April 11, 2022

FEAD welcomes the EU strategy on sustainable textiles

Brussels, 11 April 2022 – FEAD welcomes the EU Strategy for Sustainable and Circular Textiles presented on 30 March by the European Commission as part of a package to make sustainable products the norm in the EU. Main aim of the Textile Strategy is to create a coherent framework and a vision for the transition of the textiles sector by 2030. FEAD strongly supports the introduction of binding product specific ecodesign requirements to increase textiles performance in terms of durability, reusability, reparability, fibre-to-fibre recyclability, and the introduction of mandatory recycled fibre content.

Significant efforts in research and innovation must be made in the next years, as textile recycling is still at the very beginning, especially in relation to fibre-to-fibre recycling. Mandatory recycled content will trigger needed investments and support the aim of the Commission to encourage businesses to prioritise their efforts on fibre-to-fibre recycling. Mandatory criteria for green public procurement of textile will also contribute to increase the recyclability of textiles and the purchase of recycled textiles. The introduction of extended producer responsibility (EPR) requirements with eco-modulation of fees as part of the forthcoming revision of the Waste Framework Directive in 2023 would also help to incentivise the separate collection, sorting, reuse, preparation for reuse and recycling for textile waste, which need to be further developed.

Textile-to-textile recycling is a key strategy for saving resources in this sector, preserving the value of materials and fostering a circular economy. Developing a market and qualitative initial products are essential.
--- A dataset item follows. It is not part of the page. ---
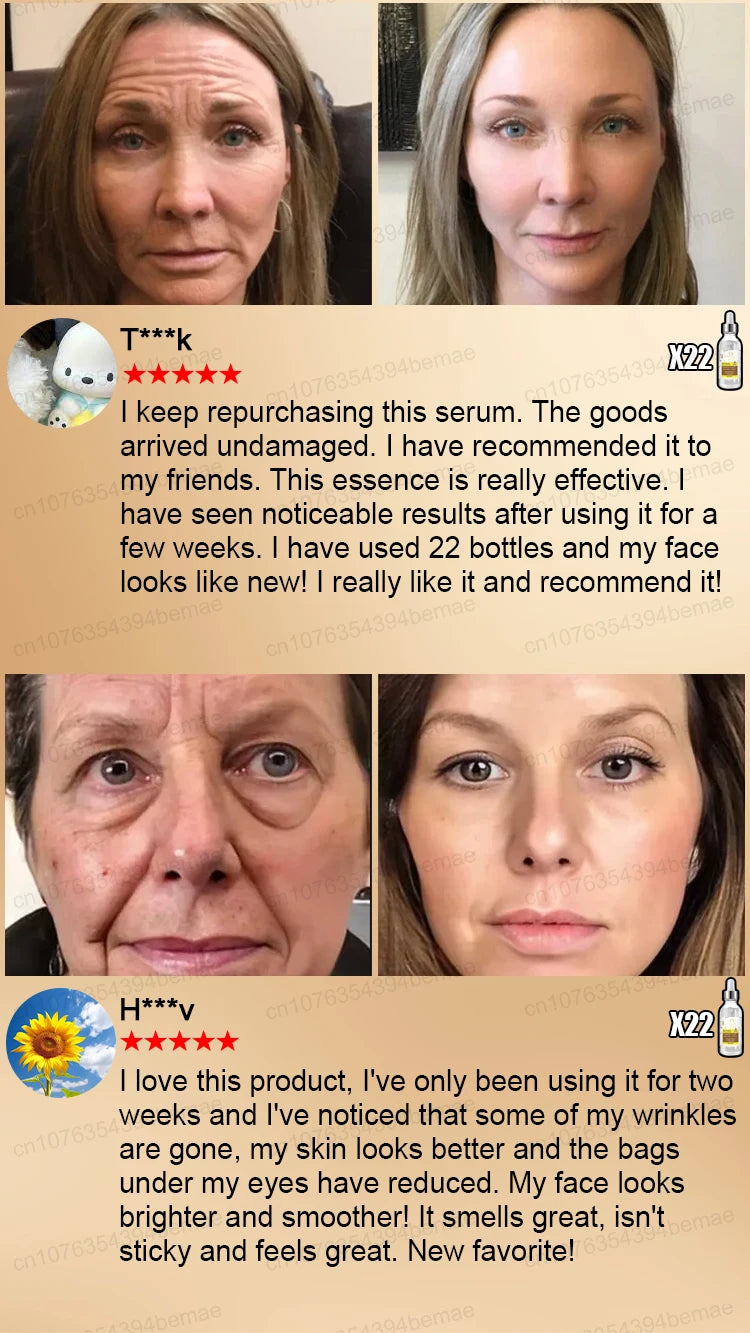 Anti-aging serum Wrinkles fade. Beauty stays.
The current global trend for “fast fashion”, with overabundant, very low-quality textiles production, is therefore a big hurdle to more recycling at needs to be tackled at EU level.

In terms of waste shipments, the EU should set up an effective control mechanism for the exports of used textiles, in order to avoid illegal shipments and to ensure proper environmentally sound recycling/recovery processes outside EU. Specific EU level criteria need to be developed to make a distinction between waste and certain second-hand textile products, to avoid that waste streams are falsely labelled as second-hand goods when exported from the EU and in this way escape the waste regime. Exports of textile waste to non-OECD countries have to follow conditions that ensure a sustainable management under the Waste Shipment Regulation.